Bonn loves Shastri's art (Galerie Hansen, Bonn 1992 )

A rare opportunity to glimpse Trinidad's world of art was provided to German art lovers in Bonn when Trinidadian artist Shastri Maharaj presented some 30 exhibits at Gallery Hansen, drawing an enthusiastic crowd at the inauguration of the exhibition in this German town reputed for its cultural representations from the world over.
Maharaj gave interesting explanations for his various exhibits.
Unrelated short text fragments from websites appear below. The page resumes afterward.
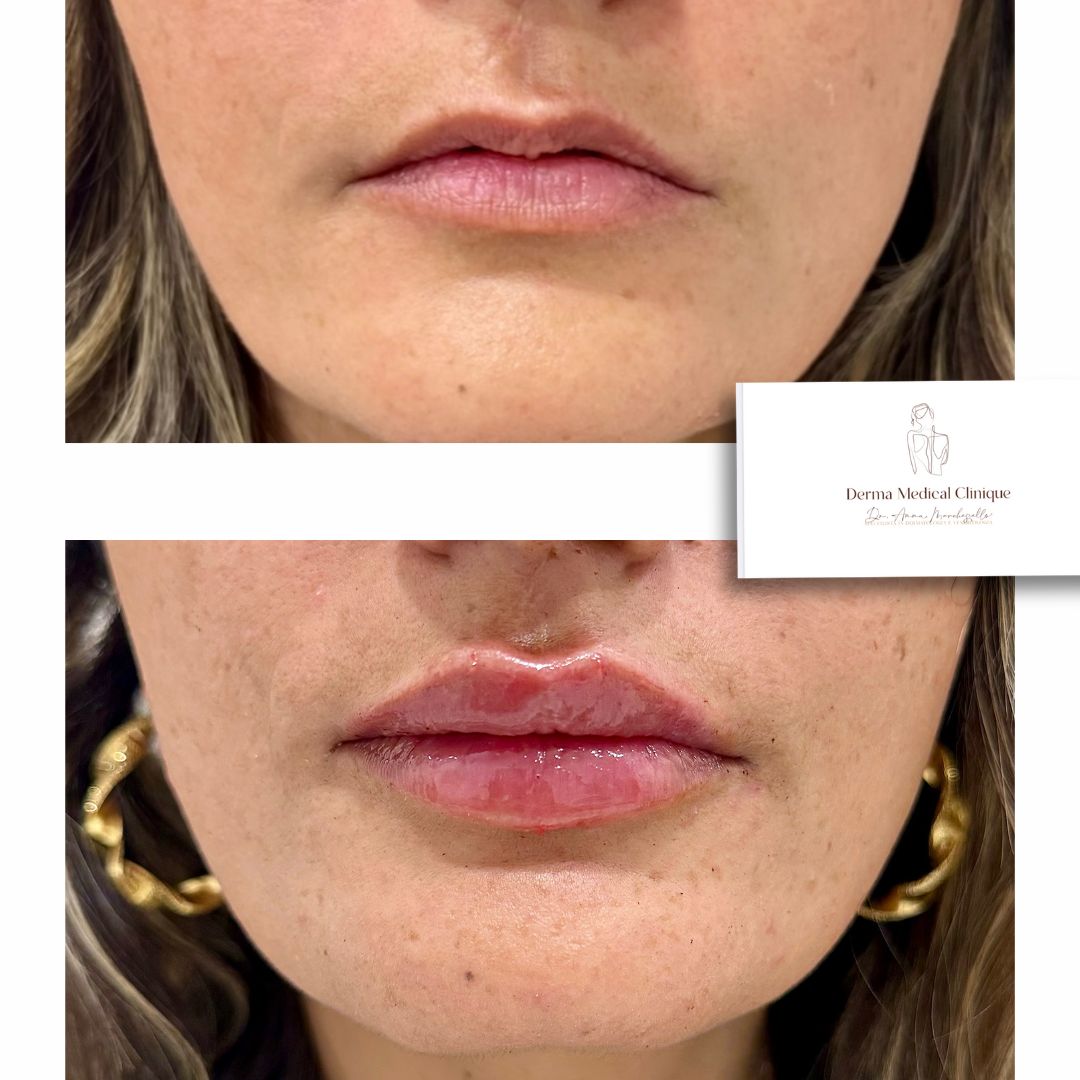 Anna Marchesiello-19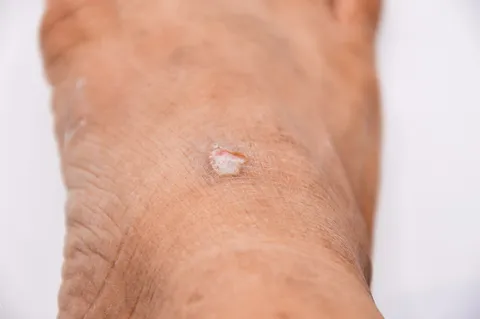 Ulcers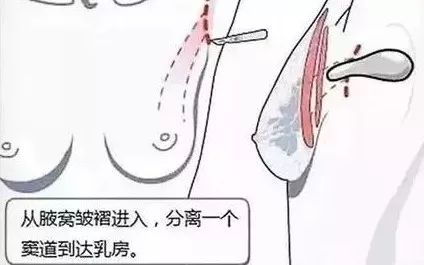 隆胸手术切口越小，术后的痕迹越小吗? 图片-7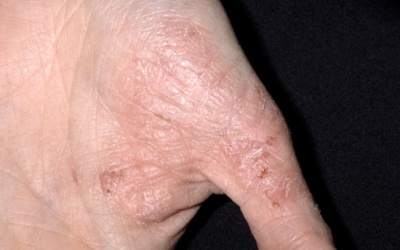 Những biện pháp đơn giản giúp điều trị eczema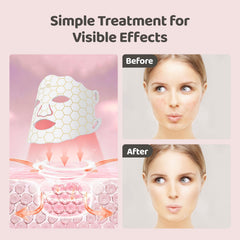 Yahi remote-control timer LED mask for simple daily adjustments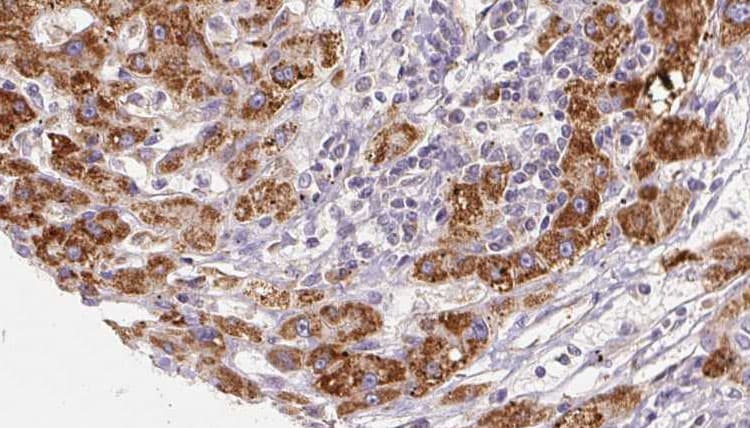 Polyclonal Rabbit anti-Human PNPLA2 / ATGL Antibody (IHC, IF, WB)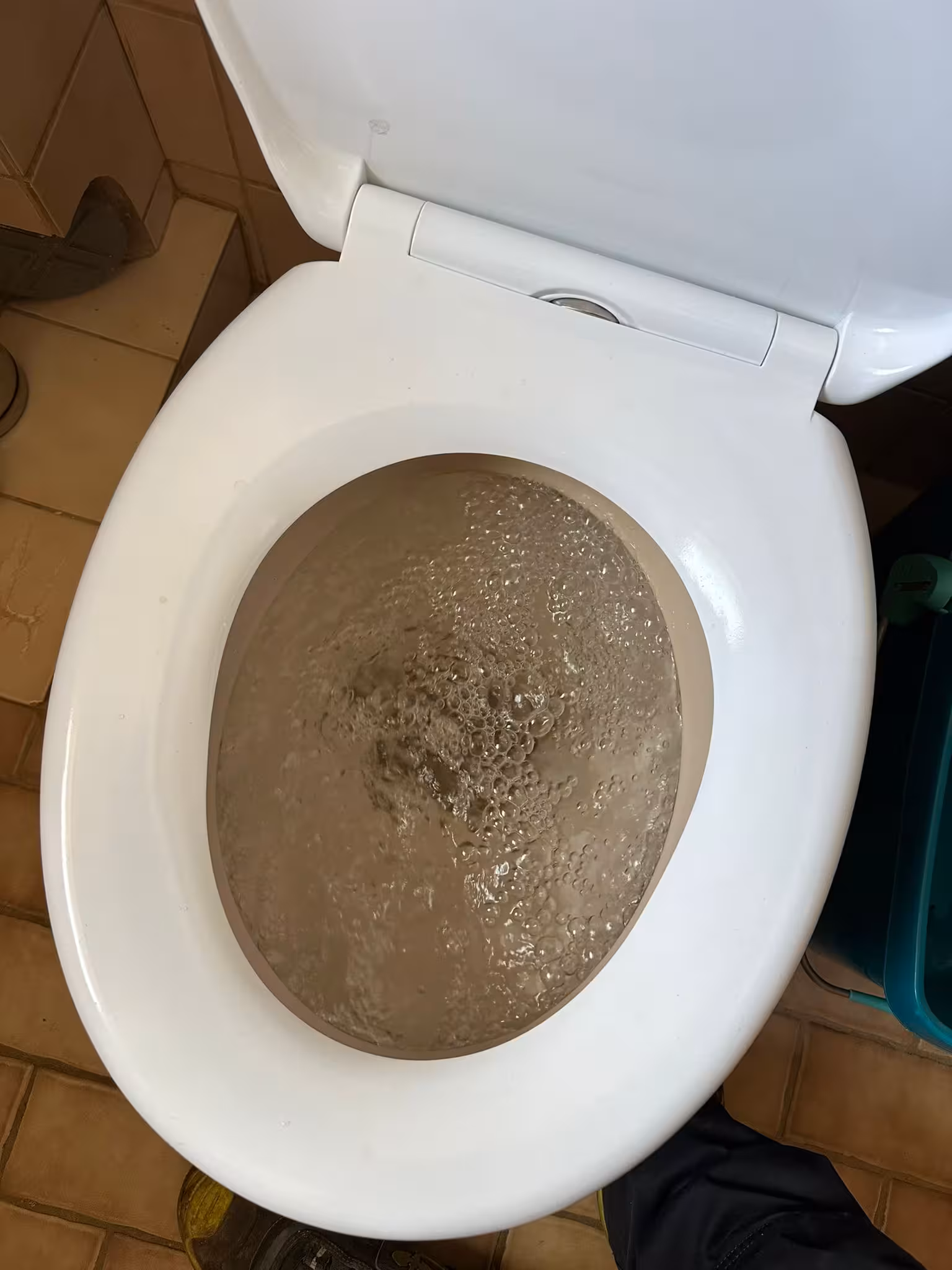 Verstopfte Toilette mit akutem Rückstau – Notfall für die schnelle Rohrreinigung durch PipeHero Hamburg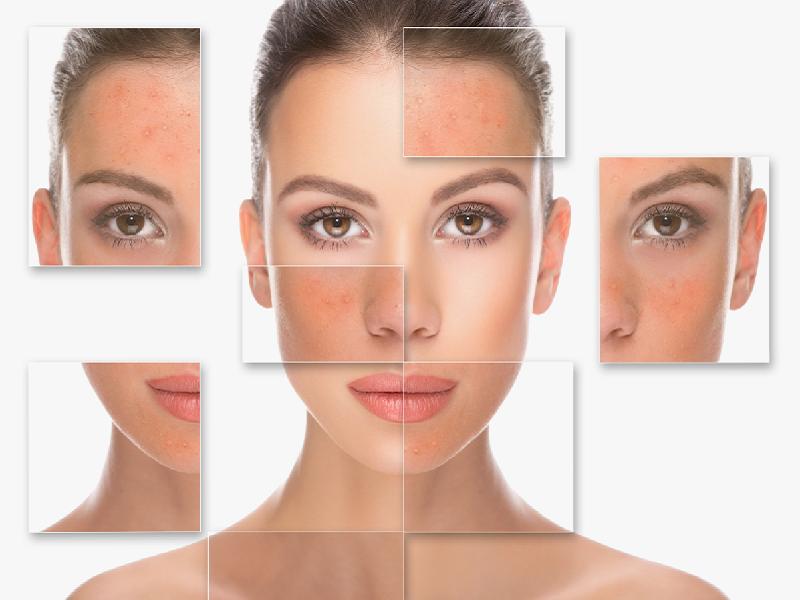 Side Effects of Chemical Peels 2024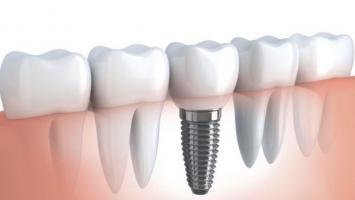 Nha khoa trồng răng Implant tốt nhất tại Hà Nội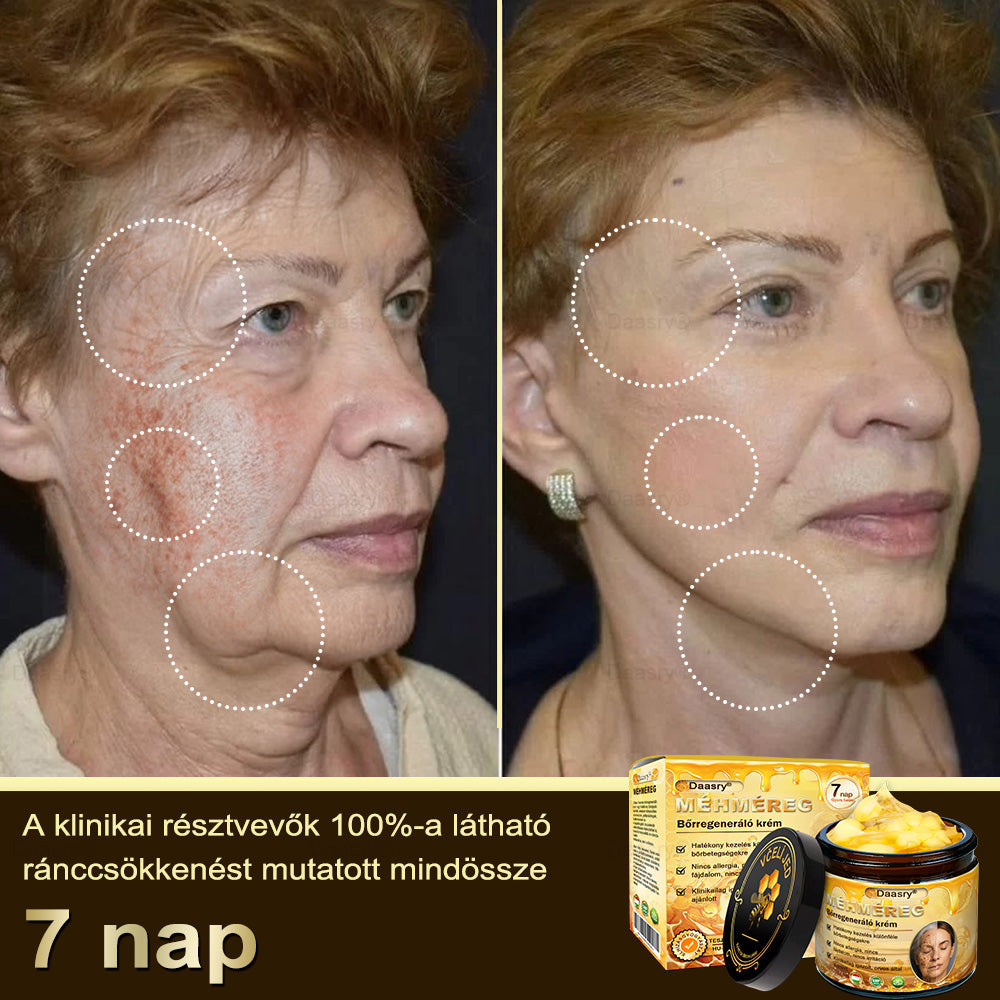 𝓓𝓪𝓪𝓼𝓻𝔂® Méhméreg Bőrjavító Krémkisimítja a ráncokat, hidratál, ragyogóvá teszi a bőrt, hegeket gyógyít, nyugtatja az érzékeny bőrt, és egyenletes tónust ad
Mostly two-dimensional in nature, the exhibits reflected incisive observations on life and matters in Trinidad, with an accent on cultural and racial conflicts perceived and experienced by the artist himself.
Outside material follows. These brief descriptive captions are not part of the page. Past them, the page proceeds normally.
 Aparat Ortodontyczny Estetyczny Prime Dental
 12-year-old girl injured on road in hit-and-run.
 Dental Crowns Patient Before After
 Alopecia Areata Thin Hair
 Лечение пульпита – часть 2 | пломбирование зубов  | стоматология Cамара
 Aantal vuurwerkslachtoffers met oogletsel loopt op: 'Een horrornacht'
The works were all acrylic on canvas and the colours, structures and forms as well as the change of lines, light and stylised rhythms appealed directly to one's feeling without intellectual or literary intrusions.
The exhibit Fatherless was a poignant reminder of the increasing number of suicides in Trinidad occasioned by the high level of unemployment currently facing the economy, according to the artist who generally characterised his paintings as designed to instill a sense of surprise or concern.

Shastri Maharaj's individual style, coupled with a feeling of discovery, experiment and originality, lent an overwhelming, spontaneous and lively appeal to his pictures which, while being romantic, had only a touch of the speculative romance in them.

"Art is communication" said Shastri Maharaj and his works proved the point by their direct appeal, similar to poetry and music in their influence on the mind. His Caribbean I is composed of intellect, mind and spirit and all of these three elements find expression in his creations. Expectedly, they also repeatedly reflect the parameters of his own life. The overriding themes of his works are mythology, family values, education and a growing consciousness of developing spirituality.

The Bonn exhibition included pieces such as The Burning soul, Christ child, Dance for Columbus, The Land Owes me, Soucouyant, Stealing a Moment, New Horizon, Moon Dance and Warrior Fever.

Newsday
17.9.00
by Ann Hilton (excerpt)

The seven pieces by Shastri Maharaj took my breath away. I've been struggling to come to terms with this artist's work for the past couple of years.
The primitive houses on stilts, ranks of weary labourers, crowds crammed into cane carts, forbidding images of the sugar industry troubled - one turned away from them in relief to ponder Maharaj's work on religion, and come away none the wiser.

Though still recognisably the work of Shastri Maharaj, one feels that in these paintings the artist has come to terms, found some inner peace to allow him to express the lyrical in landscape and in more rounded figures.

Even though, all is not sweetness and light: one can feel the paint of the figure in "Oh God". the weariness of the labourer in "Return".